For each cell or tissue type, the ‘Pooled Sample’ was pooled by samples with high correlation that come from the same cell type. First, we calculated nucleosome occupancy in 1 kb windows throughout the whole genome for each sample. Then, the Pearson correlation coefficients between samples from the same cell type and treatment condition was calculated. Samples with Pearson correlation coefficients higher than 0.6 were pooled as the ‘Pooled Sample’ (Additional file 1: S2 in Fig. 1a).

‘High Quality Sample’ was defined as the referenced nucleosome organization landscape for each cell type and treatment condition, unless the ‘High Quality Sample’ was included in the samples which were used to build the ‘Pooled Sample’. Samples with coverage lower than five-fold were filtered out.

Nucleosome organization features on TSS and DHS

Here, we defined several nucleosome organization features on TSSs and DHSs and calculated these features on individual gene or DHS for each referenced nucleosome organization map.

The nucleosome array score downstream of the TSS was calculated as the average nucleosome array profile signal from the TSS to the downstream 1 kb region versus the average signal of the whole genome for the given sample. The nucleosome depletion level at a TSS was calculated as the degree of nucleosome occupancy deficiency at the TSS. The maximum nucleosome occupancy at the central 200 bp bin of the site was defined as Ncenter, and the maximum nucleosome occupancy surrounding the central bin spanning 200 bp on both sides was defined as Nbackground. If Ncenter was larger than Nbackground, the nucleosome depletion level of the site was assigned to 0. Otherwise, the nucleosome depletion level of the site was calculated as 1 – Ncenter/Nbackground. The nucleosome occupancy at the TSS was calculated as the average nucleosome occupancy signal at the central 100 bp bin of the TSS.

The + 1 nucleosome, the number of nucleosomes, the linker length and the standard deviation of linker length were calculated as follows. First, the nucleosome occupancy profile for each TSS was scanned and smoothed from the TSS to the downstream 1 kb bin. The local maximal signal was detected, and the relative distance to TSS was defined as candidate of nucleosome positions. If the adjacent nucleosome position was closer than 100 bp, the nucleosome position with higher nucleosome occupancy was maintained. Finally, the nucleosome position downstream of the TSS was defined.
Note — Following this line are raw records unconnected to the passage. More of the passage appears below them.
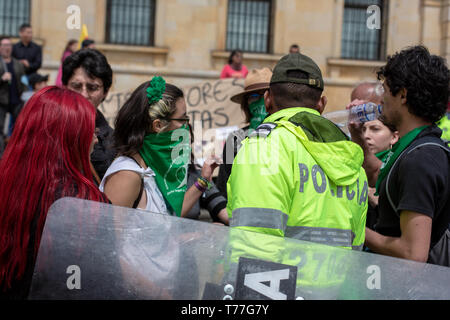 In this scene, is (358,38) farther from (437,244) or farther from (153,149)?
(437,244)

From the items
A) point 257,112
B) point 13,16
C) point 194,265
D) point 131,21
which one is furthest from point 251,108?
point 13,16

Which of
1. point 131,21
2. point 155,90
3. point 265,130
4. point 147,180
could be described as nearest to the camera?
point 265,130

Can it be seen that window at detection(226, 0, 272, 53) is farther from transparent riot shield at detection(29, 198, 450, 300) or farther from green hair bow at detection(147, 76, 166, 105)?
transparent riot shield at detection(29, 198, 450, 300)

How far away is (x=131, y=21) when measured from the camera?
1591cm

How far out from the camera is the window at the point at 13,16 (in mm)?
15242

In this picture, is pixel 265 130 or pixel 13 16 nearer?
pixel 265 130

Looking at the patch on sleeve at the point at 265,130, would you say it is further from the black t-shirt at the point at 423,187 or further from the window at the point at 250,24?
the window at the point at 250,24

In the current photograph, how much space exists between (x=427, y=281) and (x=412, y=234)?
60cm

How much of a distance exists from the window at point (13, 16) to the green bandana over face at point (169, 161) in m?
12.9

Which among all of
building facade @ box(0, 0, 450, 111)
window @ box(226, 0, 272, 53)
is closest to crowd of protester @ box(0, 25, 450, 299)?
building facade @ box(0, 0, 450, 111)

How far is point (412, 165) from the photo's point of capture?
2607 millimetres

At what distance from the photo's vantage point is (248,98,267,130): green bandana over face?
172 inches

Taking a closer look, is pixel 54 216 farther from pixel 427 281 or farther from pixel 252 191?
pixel 427 281

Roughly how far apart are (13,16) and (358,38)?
26.7 ft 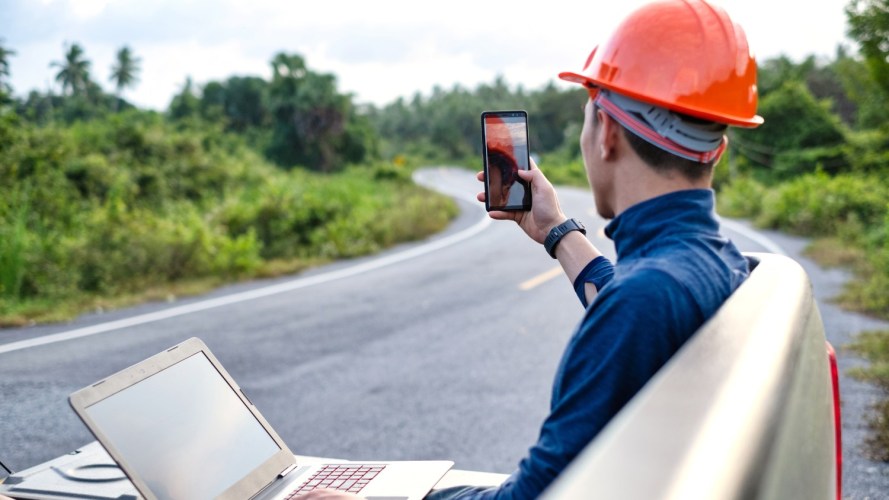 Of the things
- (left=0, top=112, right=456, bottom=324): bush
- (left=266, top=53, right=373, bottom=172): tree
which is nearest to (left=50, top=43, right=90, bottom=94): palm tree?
(left=266, top=53, right=373, bottom=172): tree

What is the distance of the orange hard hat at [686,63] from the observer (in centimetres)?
158

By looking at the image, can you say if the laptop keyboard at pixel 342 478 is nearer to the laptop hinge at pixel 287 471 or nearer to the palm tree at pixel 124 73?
the laptop hinge at pixel 287 471

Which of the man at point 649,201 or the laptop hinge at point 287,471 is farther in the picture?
the laptop hinge at point 287,471

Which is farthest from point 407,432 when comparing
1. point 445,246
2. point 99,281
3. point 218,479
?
point 445,246

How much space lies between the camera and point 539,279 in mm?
10742

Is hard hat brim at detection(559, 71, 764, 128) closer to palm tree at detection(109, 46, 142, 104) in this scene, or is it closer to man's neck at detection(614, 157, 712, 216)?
man's neck at detection(614, 157, 712, 216)

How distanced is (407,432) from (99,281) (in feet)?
19.9

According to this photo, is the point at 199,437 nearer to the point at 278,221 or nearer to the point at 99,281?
the point at 99,281

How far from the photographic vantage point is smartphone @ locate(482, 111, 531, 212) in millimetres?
2209

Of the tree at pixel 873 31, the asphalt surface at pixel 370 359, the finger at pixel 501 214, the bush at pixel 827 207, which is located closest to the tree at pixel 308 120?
the bush at pixel 827 207

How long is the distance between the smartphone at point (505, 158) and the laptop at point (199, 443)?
76cm

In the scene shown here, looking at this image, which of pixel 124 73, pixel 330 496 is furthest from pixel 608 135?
pixel 124 73

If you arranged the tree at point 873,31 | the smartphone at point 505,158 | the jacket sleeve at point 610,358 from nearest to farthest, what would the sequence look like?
1. the jacket sleeve at point 610,358
2. the smartphone at point 505,158
3. the tree at point 873,31

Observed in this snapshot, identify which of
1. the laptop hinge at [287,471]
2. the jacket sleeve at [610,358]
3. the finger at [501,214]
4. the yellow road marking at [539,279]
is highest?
the finger at [501,214] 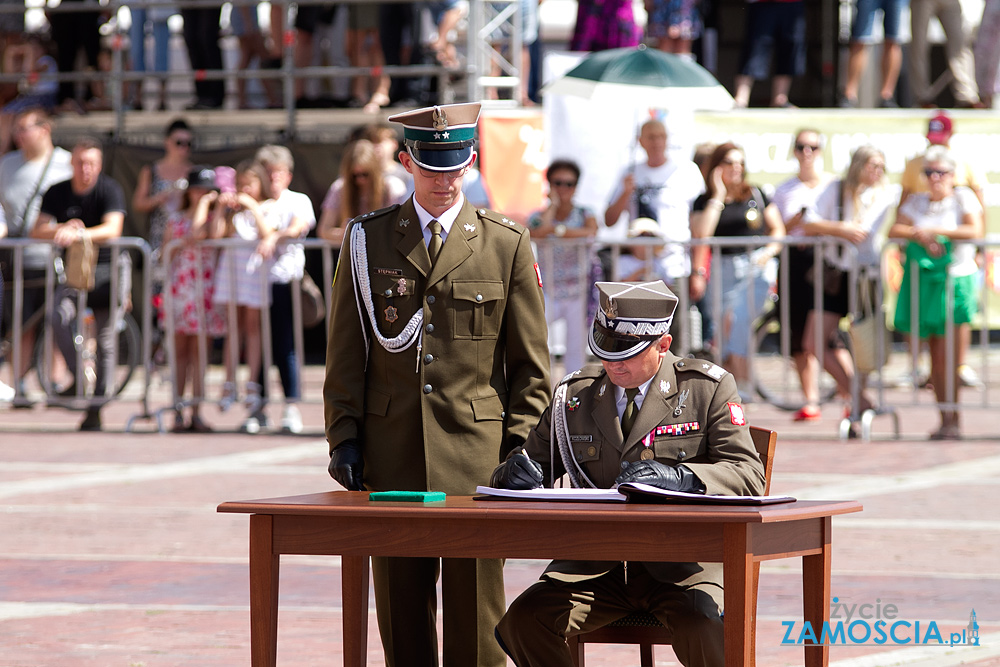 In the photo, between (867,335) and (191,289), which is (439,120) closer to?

The first nucleosome position was defined as the + 1 nucleosome. The linker length was calculated as the average distance between adjacent nucleosome positions subtracting 147 bp, which is the standardized nucleosomal DNA length. The standard deviation of linker length and nucleosome count can be calculated after the nucleosome positions are defined. If the + 1 nucleosome was undetectable, the + 1 nucleosome, linker length and standard deviation of linker length were stored as -1, so that they can be easily recognized. If the number of nucleosomes was less than 2, the linker length and standard deviation of linker length were stored as -1. If the number of nucleosomes was less than 3, the standard deviation of linker length was stored as -1.
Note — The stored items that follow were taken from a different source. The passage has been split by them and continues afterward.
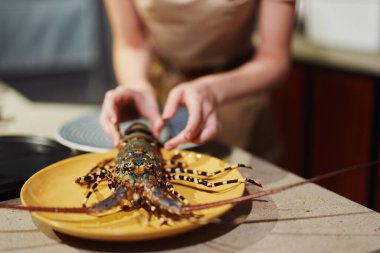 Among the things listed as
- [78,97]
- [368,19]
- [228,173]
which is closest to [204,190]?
[228,173]

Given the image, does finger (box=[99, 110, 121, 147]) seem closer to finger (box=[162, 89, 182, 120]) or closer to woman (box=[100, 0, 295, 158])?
woman (box=[100, 0, 295, 158])

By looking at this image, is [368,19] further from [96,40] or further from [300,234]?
[96,40]

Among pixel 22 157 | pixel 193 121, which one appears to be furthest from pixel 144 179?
pixel 22 157

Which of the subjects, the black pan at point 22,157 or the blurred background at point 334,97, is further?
the blurred background at point 334,97

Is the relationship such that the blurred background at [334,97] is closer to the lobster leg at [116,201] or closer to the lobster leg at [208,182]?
the lobster leg at [208,182]

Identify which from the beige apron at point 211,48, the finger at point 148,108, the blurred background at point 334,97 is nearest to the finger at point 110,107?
the finger at point 148,108

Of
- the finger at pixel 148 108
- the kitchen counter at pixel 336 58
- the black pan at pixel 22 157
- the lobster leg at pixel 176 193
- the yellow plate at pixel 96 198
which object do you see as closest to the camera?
the yellow plate at pixel 96 198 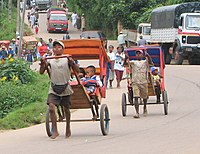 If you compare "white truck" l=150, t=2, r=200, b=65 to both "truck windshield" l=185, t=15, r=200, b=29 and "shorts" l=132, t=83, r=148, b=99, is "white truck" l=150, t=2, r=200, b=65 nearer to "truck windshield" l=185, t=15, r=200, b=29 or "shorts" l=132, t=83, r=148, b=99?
"truck windshield" l=185, t=15, r=200, b=29

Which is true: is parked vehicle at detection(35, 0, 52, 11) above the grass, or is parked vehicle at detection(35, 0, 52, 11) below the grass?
above

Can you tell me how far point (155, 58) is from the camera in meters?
20.0

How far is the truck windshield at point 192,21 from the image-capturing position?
3956 cm

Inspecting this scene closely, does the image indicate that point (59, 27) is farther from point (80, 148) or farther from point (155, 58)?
point (80, 148)

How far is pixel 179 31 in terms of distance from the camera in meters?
40.2

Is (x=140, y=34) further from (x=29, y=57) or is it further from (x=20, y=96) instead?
(x=20, y=96)

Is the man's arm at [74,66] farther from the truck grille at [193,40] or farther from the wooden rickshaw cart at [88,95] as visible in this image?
the truck grille at [193,40]

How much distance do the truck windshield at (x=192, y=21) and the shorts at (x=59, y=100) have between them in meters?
27.4

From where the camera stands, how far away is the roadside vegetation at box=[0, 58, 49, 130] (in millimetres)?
17453

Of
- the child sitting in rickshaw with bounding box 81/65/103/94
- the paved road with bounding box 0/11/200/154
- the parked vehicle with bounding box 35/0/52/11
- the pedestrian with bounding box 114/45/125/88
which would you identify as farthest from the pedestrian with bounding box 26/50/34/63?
the parked vehicle with bounding box 35/0/52/11

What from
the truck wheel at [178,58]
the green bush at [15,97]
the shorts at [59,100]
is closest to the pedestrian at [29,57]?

The nucleosome organization features on DHSs were calculated in the same way as TSSs. There are two major differences. The nucleosome array score upstream of the DHS was also calculated. The -1 nucleosome, the number of nucleosomes, the linker length and the standard deviation of the linker length 1 kb upstream were calculated by scanning the nucleosome occupancy profile 1 kb upstream of the DHS.

Prediction of TF binding sites

We collected TF ChIP-seq data from the Cistrome DB database [26] as the actual TF binding profile. Qualified ChIP-seq samples were selected by the QC measurements provided in the database. We scanned the entire genome for significant motif hits for each TF by using BINOCh [27]. For each TF ChIP-seq sample, motif hits overlapping with TF binding peaks were defined as the positive samples (bound sites). The negative samples were defined as other motif hits that did not overlap with any detected peaks in the ChIP-seq sample (unbound sites). All positive and negative samples were used for evaluating the TF binding prediction. A ten-fold cross validation strategy was applied during the model training and testing. The motif score calculated by BINOCh was the first predictor. Nucleosome organization features acted as the second predictor to improve the prediction performance. Here, we include the nucleosome depletion level and nucleosome occupancy on motif hits and the nucleosome array score flanking the motif hits in the prediction model. First, the nucleosome depletion level of the motif hits was calculated in the same way as the nucleosome depletion level on the TSS, while the given site was replaced by the center of the motif hits. Then, nucleosome occupancy on motif hits was calculated as the average nucleosome occupancy at the central 100 bp bin of the sites. The nucleosome array score on the upstream or downstream 1 kb bin of the site was calculated as the average nucleosome array profile signal upstream or downstream of the 1 kb bin of the given site.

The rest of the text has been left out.